UNA RED de corrupción ha sido descubierta en Santa Coloma de Gramanet. Otra más. Como no podía ser menos, corrupción urbanística. Ha actuado Garzón, a pesar de que la red no era del PP, esta vez. Era de CiU y del PSOE catalán, que allí se llama PSC. Los informativos afines al Gobierno ZP han insistido mucho en las siglas: PSC, no han nombrado apenas al PSOE. Son los mismos, los de Montilla.
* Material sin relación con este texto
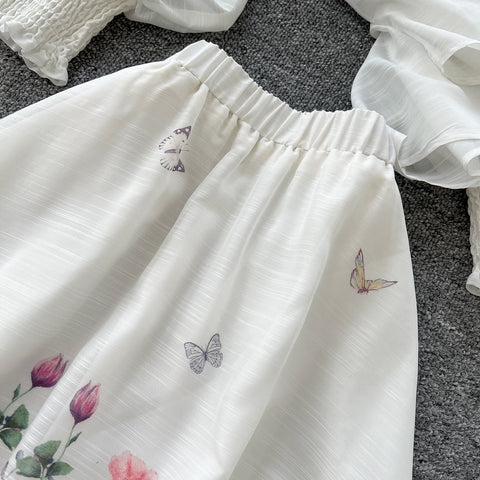 Flared-sleeve Shirt & Skirt Floral 2Pcs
En la red, un clásico: Maciá Alavedra, amigo de Jordi Pujol y miembro que fue de su Gobierno; y otro que siempre ha rondado los juzgados: Lluis Prenafeta. En realidad, casi siempre son los mismos, aunque me librará el cielo de hacer juicios paralelos, juicios mediáticos. Que el juez que instruye los empure, si los tiene que empurar; y que los suelte, si los tiene que soltar. No sabemos por qué actúa Garzón: ¿es competencia la cosa de la Audiencia Nacional o de un juzgado local? Media docena de detenidos pueblan los calabozos de la Guardia Civil y pronto sabremos lo que decide Garzón, que está en todas el hombre. (Por cierto, hay quien dice que como Garzón se enfrenta a algunas querellas contra él, que debe dirimir el Tribunal Supremo, pues que ha dado un nuevo golpe de efecto para convertirse en el gran corregidor, otra vez). Cualquiera sabe.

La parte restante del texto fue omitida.